What to work on »
All of the data should be given again word for word, though the images are to be left out.

Supplied material »
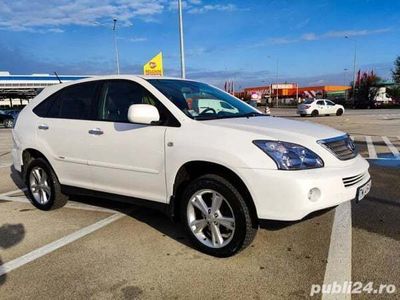 Lexus RX400h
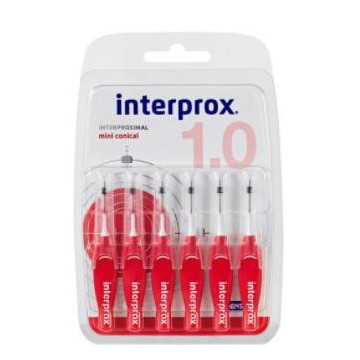 Cepillo Interdental...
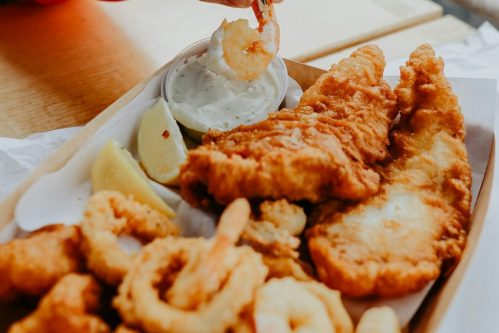 My Absolute Favorite Food in Wisconsin: Here’s the One Spot You Can’t Miss!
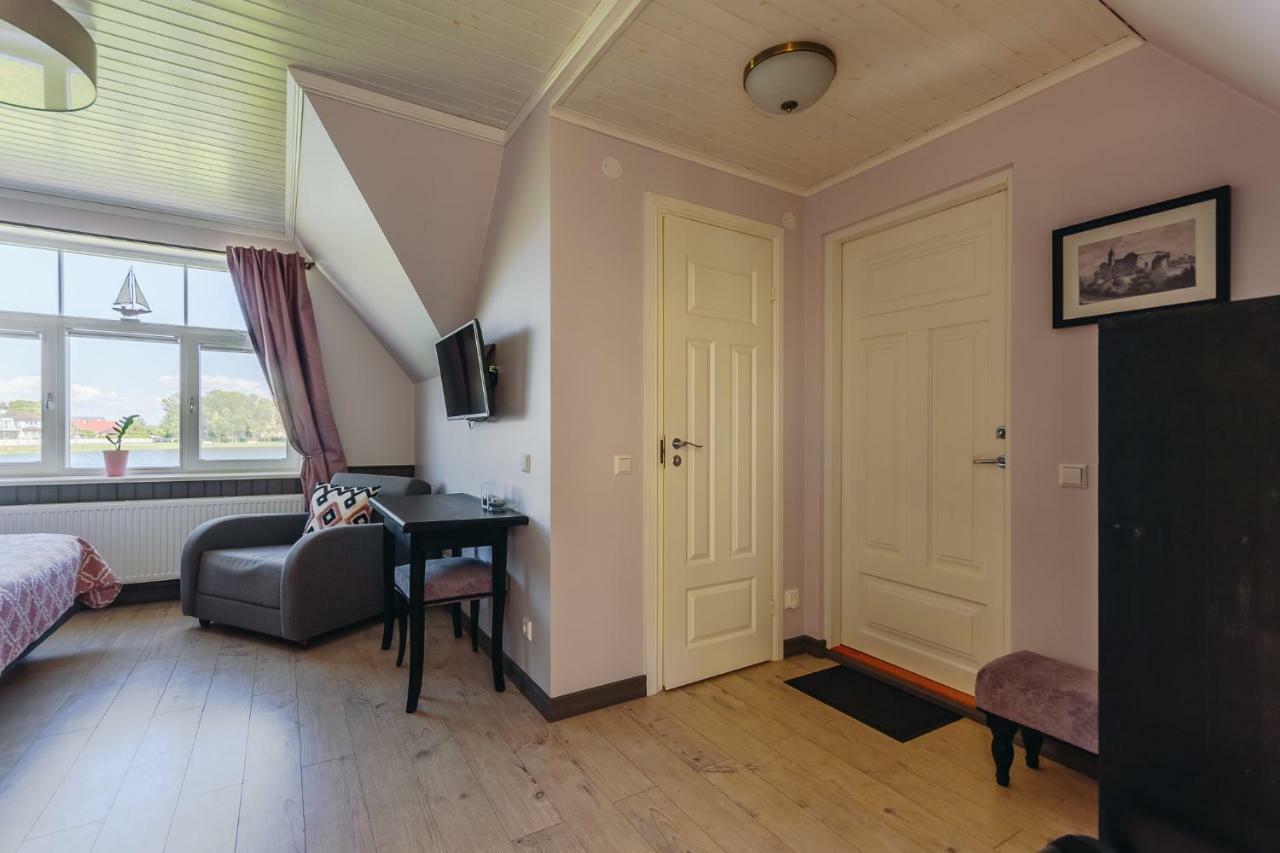 Villa Marienholm ハープサル エクステリア 写真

Answer for the task »
 Lexus RX400h
 Cepillo Interdental...
 My Absolute Favorite Food in Wisconsin: Here’s the One Spot You Can’t Miss!
 Villa Marienholm ハープサル エクステリア 写真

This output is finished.